Range to repeat from the listing below: the line containing "Piura: Serfor, Sernanp" down to the line containing "-八公叔叔宠物美容连锁(春申店)", both included. Copy it exactly, pictures excluded, and add nothing else.
....................
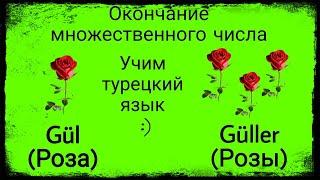 Урок 5.Множественное число.Учим новые турецкие слова по стихотворениям.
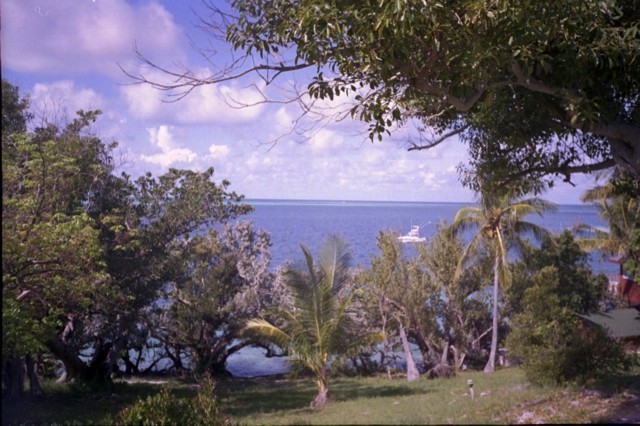 5938_20a.jpg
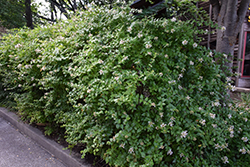 Chinese Abelia (Abelia chinensis) at Lurvey Garden Center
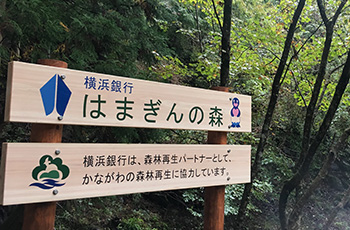 横浜銀行 はまぎんの森　横浜銀行は、森林再生パートナーとして、かながわの森林再生に協力しています。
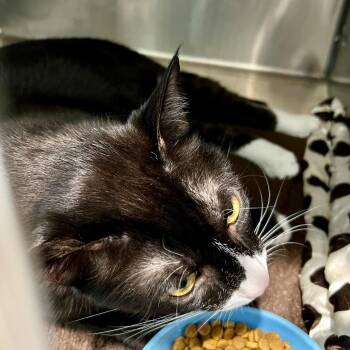 Frog -  Domestic Short Hair Cat for Adoption in Cumming, Georgia - Frog | PetCurious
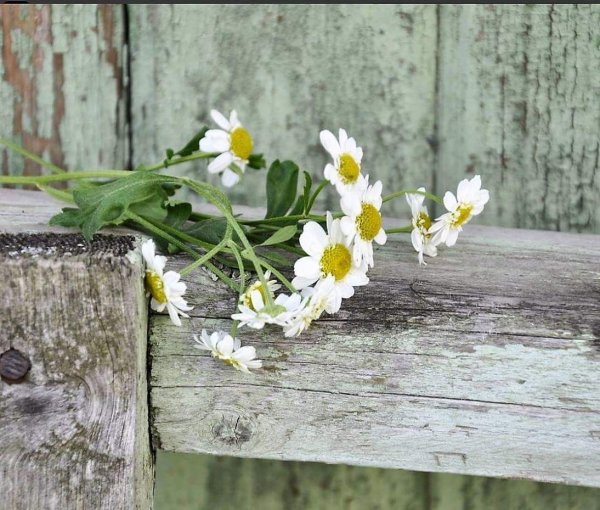 Обои Весна ромашки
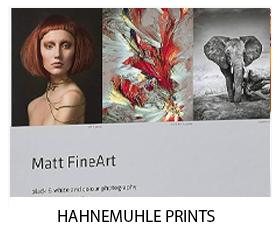 Hahnemuhle Fine Art Print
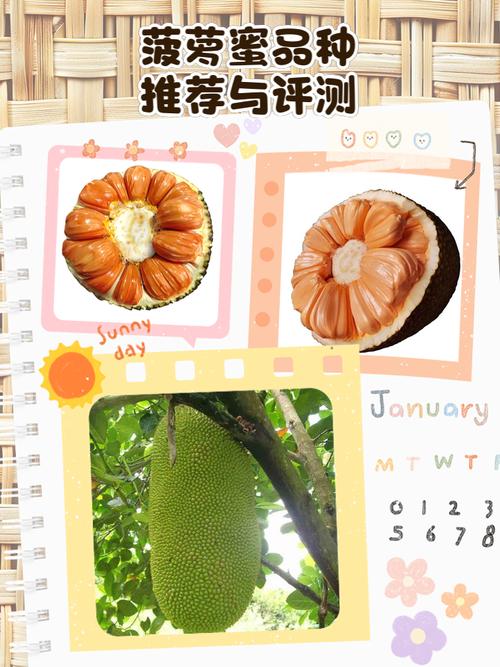菠萝蜜国际一区麻豆精选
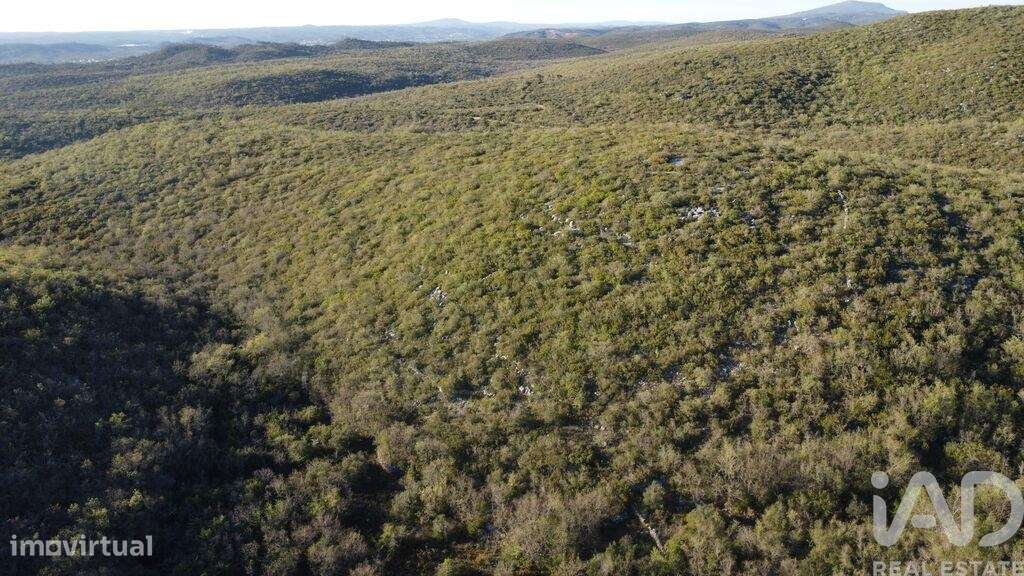 Terreno em Chãos - Grande imagem: 4/18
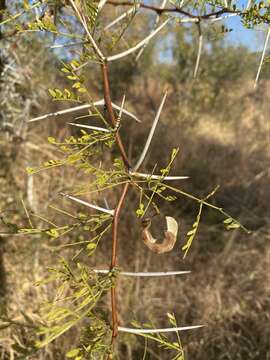 Imagem de Vachellia exuvialis (Verd.) Kyal. & Boatwr.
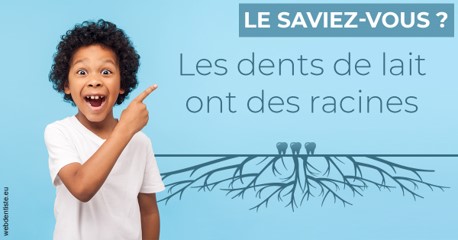 https://dr-rouhier-francois.chirurgiens-dentistes.fr/Les dents de lait 2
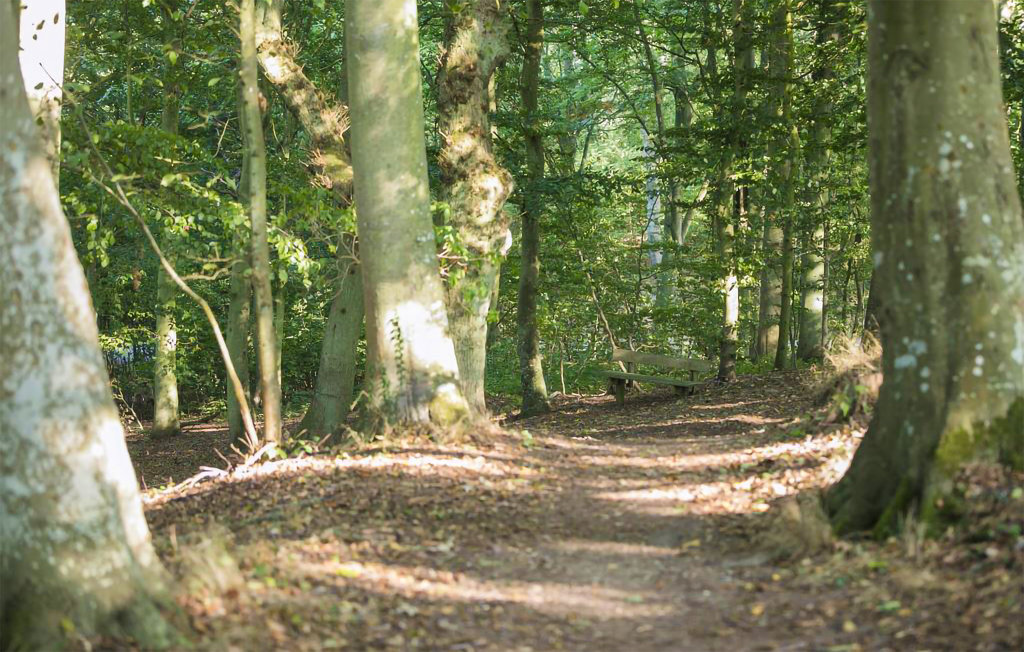 Ferieleilighet - Allinge , Danmark - I56834 21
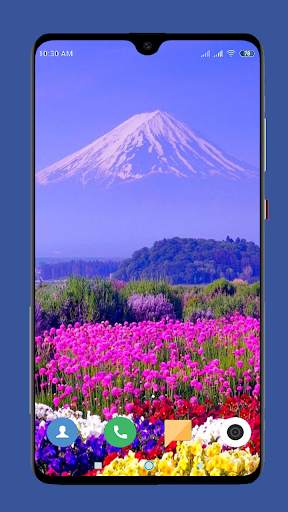 Beautiful Spring Wallpaper  4K screenshot 2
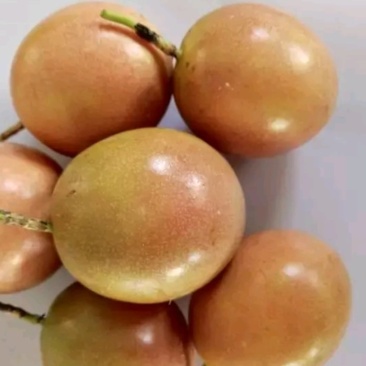 钦蜜9号百香果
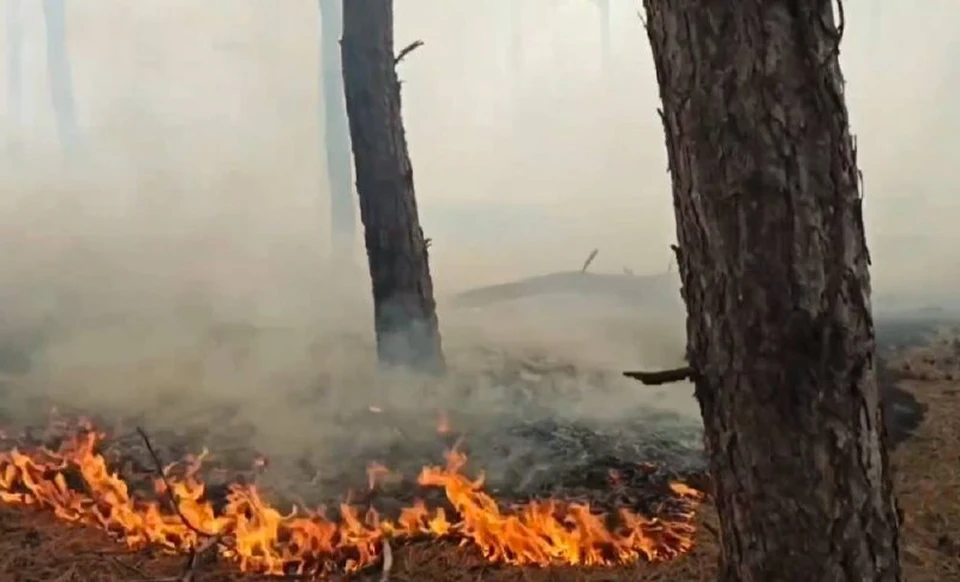 К тушению пожара привлекли авиацию. Фото: кадр из видео МЧС России/Tg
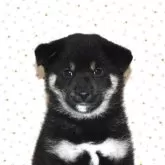 柴犬(標準サイズ)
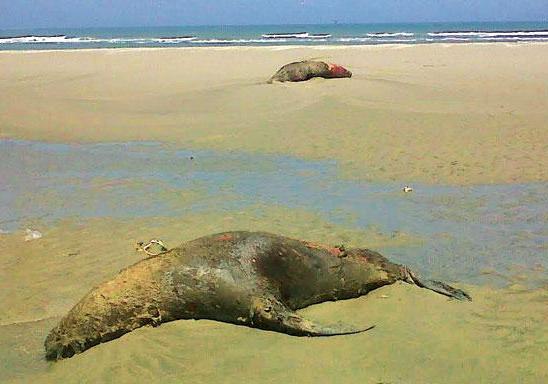 Piura: Serfor, Sernanp e Imarpe investigarán la muerte de más de 180 lobos marinos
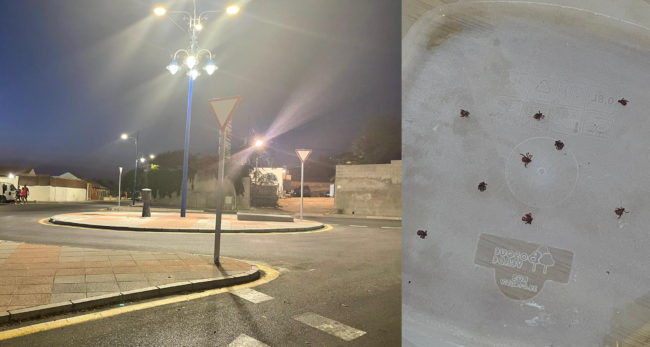 Plaga de garrapatas en el solar que ocupan los feriantes: alcanza ya a casas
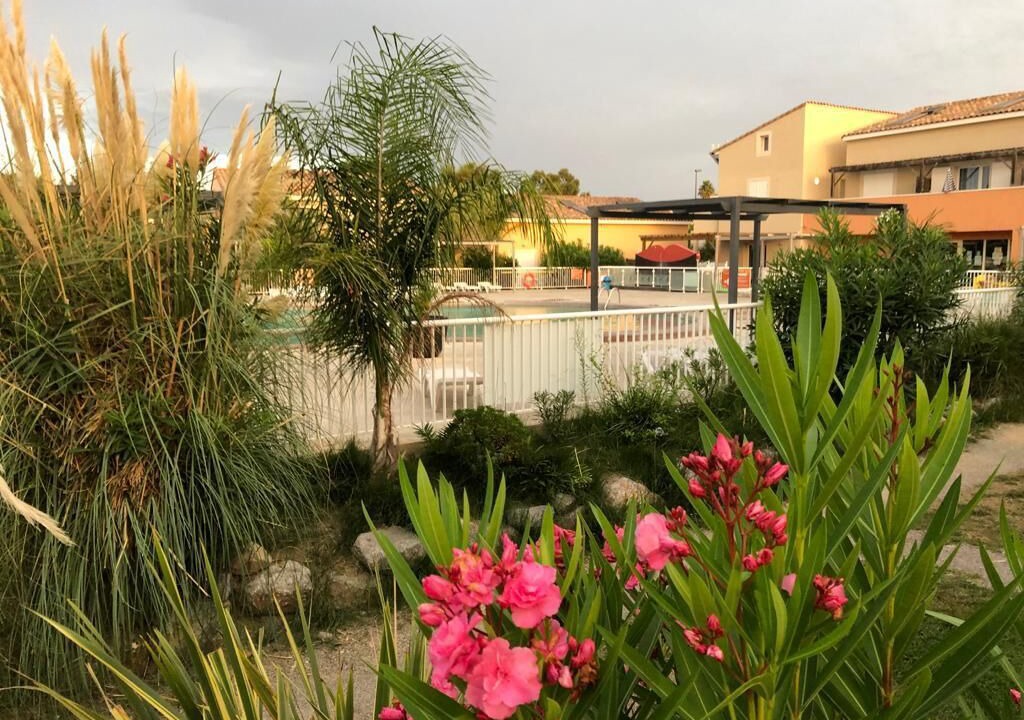 Photo of Outdoor in Latour-Bas-Elne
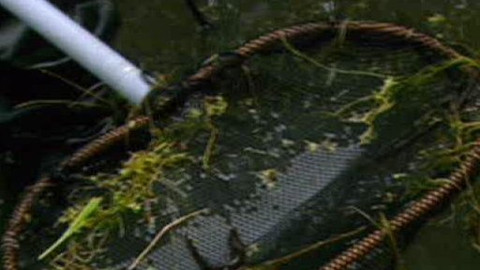 Přidej se - Kotvice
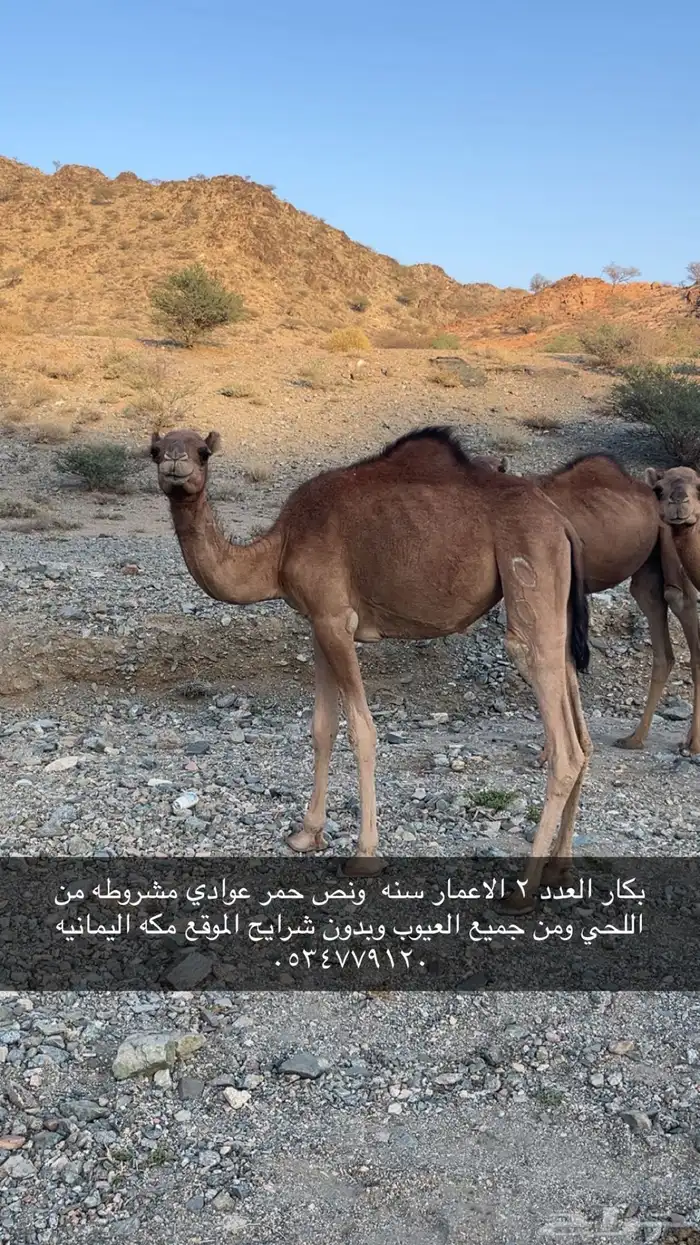 بكار عوادي حمر 0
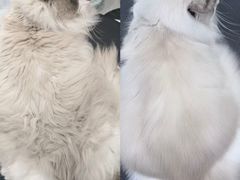 -八公叔叔宠物美容连锁(春申店)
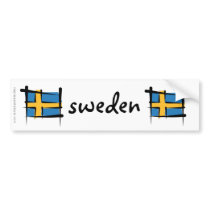 Sweden Brush Flag Bumper Sticker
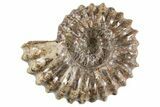 Bumpy Ammonite (Douvilleiceras) Fossil - Madagascar #343816-1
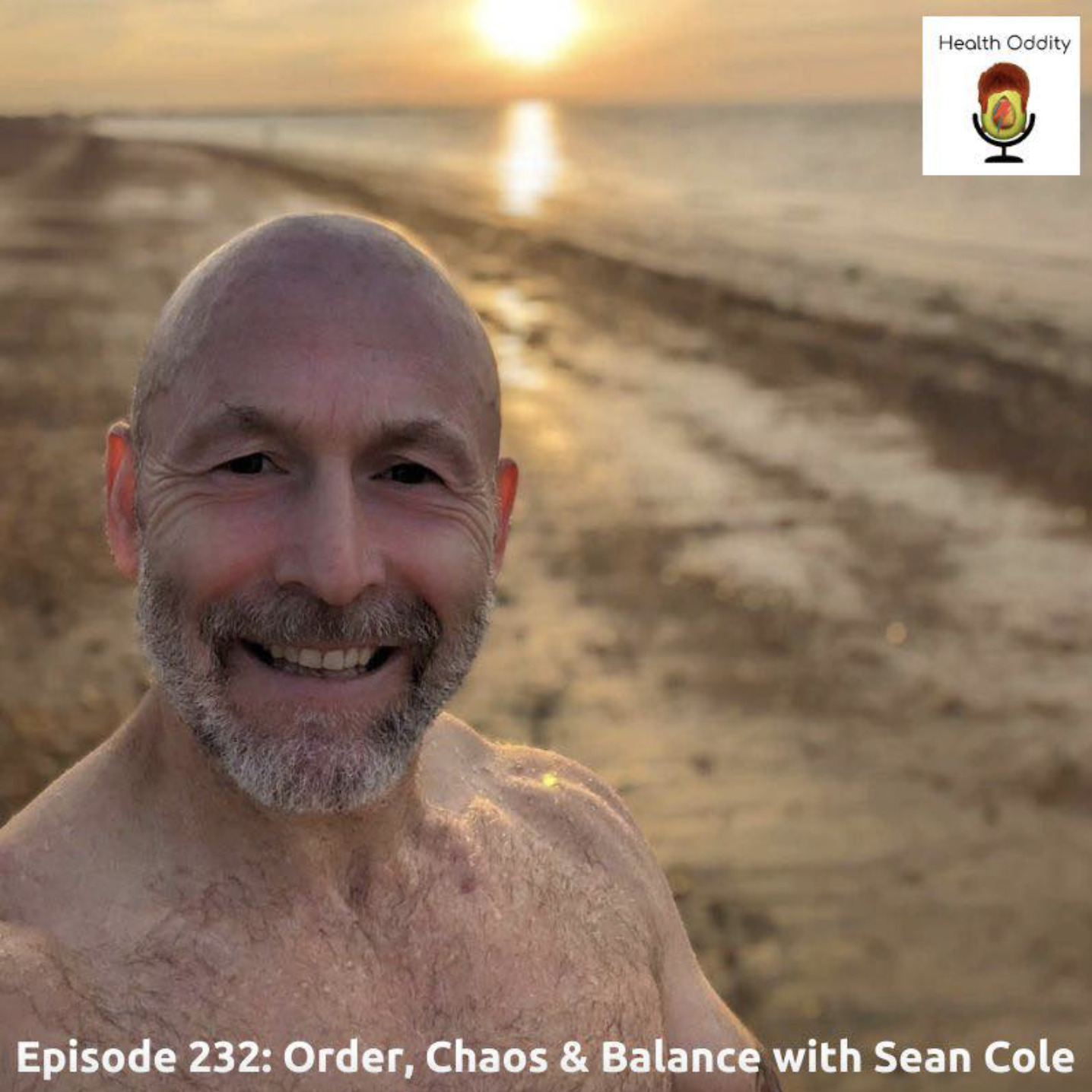 #232 Order, Chaos & Balance with Sean Cole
....................
Exercise response:
 Piura: Serfor, Sernanp e Imarpe investigarán la muerte de más de 180 lobos marinos
 Plaga de garrapatas en el solar que ocupan los feriantes: alcanza ya a casas
 Photo of Outdoor in Latour-Bas-Elne
 Přidej se - Kotvice
 بكار عوادي حمر 0
 -八公叔叔宠物美容连锁(春申店)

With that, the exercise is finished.